Brad Abare, over at Church Marketing Sucks (dot com), has been moving through a series of posts on an impending, national identity crisis and how it's "funking our souls." He's been writing about how and why Americans are losing a sense of identity, where it used to come from, and why it doesn't anymore. Part 3 hit the blogosphere this morning with the idea that,

"When our identity is no longer found in who we are and how God sees us, we look to organizations to shape who we are and give meaning to our lives."

He gives four reasons that organizations are providing our missing "soul:"

  1. Globalization. Because we're connected to everyone, everywhere, we've cease to be connected to the right things. We're connected digitally, but we're isolated physically.

  2. Options. There are so many choices for everything in our society that it's paralyzing. We like companies like Trader Joe's and Apple that keep it simple and decide for us.

  3. Branding. "We have a lot of the same stuff all trying to tell us why it's not the same stuff." So you pick a clothing brand because it's marketing speaks to you and it substitutes part of your missing identity.

  4. Disruption. We work with our minds, therefore our minds become tired and our bodies become lazy. We don't connect because it's too hard and it takes too much time, and we come to identify ourselves by our work.

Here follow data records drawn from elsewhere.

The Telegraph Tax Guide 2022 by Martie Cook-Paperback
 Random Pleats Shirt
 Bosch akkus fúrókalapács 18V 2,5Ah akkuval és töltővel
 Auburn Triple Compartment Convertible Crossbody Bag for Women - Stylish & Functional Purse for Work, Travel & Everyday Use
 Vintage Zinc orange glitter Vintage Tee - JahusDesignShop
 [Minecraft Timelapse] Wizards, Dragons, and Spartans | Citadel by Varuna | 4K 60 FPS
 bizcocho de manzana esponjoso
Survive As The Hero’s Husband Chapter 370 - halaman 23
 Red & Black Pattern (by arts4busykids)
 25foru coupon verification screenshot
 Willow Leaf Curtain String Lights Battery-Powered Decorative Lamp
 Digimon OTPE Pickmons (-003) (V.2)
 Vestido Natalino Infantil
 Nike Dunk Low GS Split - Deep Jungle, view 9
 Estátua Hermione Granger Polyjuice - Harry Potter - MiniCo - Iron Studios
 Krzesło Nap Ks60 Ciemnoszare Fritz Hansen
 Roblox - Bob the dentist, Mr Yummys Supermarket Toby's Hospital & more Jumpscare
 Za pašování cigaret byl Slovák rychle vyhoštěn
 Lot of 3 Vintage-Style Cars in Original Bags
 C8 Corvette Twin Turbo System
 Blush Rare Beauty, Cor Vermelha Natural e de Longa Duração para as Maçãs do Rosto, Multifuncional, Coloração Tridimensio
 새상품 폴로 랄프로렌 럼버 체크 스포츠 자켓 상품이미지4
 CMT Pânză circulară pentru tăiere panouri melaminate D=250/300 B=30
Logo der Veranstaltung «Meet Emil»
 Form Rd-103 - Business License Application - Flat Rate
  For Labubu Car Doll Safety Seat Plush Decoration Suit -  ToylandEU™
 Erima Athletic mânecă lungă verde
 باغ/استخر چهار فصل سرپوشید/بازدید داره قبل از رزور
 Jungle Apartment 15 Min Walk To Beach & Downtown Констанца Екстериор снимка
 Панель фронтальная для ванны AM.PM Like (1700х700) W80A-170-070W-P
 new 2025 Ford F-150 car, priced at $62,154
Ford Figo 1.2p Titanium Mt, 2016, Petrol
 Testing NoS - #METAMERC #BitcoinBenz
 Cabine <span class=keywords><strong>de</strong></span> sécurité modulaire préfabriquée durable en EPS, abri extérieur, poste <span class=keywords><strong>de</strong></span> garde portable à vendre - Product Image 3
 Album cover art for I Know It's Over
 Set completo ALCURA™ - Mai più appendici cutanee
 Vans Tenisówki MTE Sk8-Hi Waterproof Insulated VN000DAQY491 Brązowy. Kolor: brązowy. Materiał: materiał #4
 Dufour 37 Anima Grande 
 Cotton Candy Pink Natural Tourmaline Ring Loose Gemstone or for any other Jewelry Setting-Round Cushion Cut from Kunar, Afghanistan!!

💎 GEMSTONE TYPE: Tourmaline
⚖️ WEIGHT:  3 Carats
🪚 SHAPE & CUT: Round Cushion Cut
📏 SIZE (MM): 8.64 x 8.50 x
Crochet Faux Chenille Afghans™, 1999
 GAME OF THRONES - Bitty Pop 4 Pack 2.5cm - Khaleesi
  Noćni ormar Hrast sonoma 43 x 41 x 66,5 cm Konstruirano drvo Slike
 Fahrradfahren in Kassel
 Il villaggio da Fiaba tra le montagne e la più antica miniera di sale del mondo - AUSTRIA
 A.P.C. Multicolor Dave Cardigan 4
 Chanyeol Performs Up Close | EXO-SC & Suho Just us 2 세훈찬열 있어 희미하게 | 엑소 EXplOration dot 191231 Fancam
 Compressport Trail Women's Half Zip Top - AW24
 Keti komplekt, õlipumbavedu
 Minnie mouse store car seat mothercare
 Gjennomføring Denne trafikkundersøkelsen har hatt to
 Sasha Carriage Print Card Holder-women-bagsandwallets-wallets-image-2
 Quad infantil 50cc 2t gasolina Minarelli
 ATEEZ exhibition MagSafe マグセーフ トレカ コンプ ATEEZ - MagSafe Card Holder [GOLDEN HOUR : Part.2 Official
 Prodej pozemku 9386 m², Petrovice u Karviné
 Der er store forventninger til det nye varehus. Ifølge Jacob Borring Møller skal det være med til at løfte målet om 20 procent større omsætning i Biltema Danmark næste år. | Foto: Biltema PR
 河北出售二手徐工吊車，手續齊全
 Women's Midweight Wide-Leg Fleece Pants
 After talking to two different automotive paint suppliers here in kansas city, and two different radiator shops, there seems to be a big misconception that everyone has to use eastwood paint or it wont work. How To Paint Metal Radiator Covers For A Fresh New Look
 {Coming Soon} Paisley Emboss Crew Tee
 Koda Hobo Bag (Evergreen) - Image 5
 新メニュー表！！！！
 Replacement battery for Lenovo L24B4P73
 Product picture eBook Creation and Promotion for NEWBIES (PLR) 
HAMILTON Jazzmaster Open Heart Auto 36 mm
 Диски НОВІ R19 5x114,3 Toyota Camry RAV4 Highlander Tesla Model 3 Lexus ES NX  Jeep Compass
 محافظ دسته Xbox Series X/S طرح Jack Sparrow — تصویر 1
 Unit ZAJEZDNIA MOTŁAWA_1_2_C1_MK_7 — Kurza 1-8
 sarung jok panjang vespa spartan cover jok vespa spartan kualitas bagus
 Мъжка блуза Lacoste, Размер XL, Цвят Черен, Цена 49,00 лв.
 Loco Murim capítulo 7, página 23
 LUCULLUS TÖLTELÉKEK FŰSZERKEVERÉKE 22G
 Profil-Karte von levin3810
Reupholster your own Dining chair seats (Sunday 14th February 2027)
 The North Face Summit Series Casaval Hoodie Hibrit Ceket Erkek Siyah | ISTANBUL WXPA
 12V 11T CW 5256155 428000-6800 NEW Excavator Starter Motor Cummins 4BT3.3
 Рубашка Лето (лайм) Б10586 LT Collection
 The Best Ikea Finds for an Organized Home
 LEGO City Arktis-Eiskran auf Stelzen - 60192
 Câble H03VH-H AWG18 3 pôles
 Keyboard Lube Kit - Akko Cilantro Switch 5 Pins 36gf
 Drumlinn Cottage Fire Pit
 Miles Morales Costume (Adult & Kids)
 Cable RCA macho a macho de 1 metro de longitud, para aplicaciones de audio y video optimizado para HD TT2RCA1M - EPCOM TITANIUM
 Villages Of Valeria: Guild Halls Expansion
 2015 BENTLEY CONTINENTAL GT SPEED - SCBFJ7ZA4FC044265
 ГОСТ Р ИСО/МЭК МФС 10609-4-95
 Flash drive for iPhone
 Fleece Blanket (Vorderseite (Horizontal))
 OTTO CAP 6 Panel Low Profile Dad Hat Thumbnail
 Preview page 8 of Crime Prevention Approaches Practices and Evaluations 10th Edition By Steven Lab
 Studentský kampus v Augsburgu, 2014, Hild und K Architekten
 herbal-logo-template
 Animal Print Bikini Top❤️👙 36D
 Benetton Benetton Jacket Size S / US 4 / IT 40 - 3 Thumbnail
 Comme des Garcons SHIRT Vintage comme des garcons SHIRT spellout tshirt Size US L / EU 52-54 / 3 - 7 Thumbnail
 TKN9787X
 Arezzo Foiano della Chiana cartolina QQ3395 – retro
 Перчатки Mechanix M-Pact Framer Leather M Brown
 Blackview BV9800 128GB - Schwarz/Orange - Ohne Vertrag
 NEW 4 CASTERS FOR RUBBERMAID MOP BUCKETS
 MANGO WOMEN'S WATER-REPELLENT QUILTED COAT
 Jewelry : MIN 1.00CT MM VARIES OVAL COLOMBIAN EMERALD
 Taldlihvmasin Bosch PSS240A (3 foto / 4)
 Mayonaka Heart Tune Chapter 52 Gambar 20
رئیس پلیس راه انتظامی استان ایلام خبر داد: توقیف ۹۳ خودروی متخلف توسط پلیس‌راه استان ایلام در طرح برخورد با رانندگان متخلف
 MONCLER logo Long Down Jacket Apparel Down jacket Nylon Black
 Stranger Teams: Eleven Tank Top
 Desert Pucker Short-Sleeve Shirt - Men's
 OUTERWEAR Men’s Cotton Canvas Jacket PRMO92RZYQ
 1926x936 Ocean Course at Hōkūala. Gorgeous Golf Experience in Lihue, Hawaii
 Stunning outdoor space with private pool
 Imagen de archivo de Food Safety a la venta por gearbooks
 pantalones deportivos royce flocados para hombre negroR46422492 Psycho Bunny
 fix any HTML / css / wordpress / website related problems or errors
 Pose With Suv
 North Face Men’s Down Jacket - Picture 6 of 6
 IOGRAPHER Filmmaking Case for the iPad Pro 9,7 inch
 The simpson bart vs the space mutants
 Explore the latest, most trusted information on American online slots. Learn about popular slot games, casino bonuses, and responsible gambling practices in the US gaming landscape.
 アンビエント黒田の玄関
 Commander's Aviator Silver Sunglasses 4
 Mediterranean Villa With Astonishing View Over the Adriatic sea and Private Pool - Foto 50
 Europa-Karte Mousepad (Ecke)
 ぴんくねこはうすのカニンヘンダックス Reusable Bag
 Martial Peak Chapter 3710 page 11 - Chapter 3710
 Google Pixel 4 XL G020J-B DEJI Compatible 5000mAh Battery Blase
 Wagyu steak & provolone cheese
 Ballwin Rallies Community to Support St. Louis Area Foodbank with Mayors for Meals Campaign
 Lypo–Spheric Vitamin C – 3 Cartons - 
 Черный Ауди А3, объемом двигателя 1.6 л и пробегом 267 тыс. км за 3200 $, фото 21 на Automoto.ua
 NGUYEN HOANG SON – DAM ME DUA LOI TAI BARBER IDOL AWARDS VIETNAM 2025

He promises that the last part of the series will diagram a soul and discuss the Church's role, but I thought we'd get a head start.

What is the Church's role? How do we keep local community alive in the midst of a global society? How do we keep things simple in an increasingly complex world? How do we reach out to people who see thousands of advertisements every day? How do we communicate a gospel of sacrifice and service to a people who are already overworked?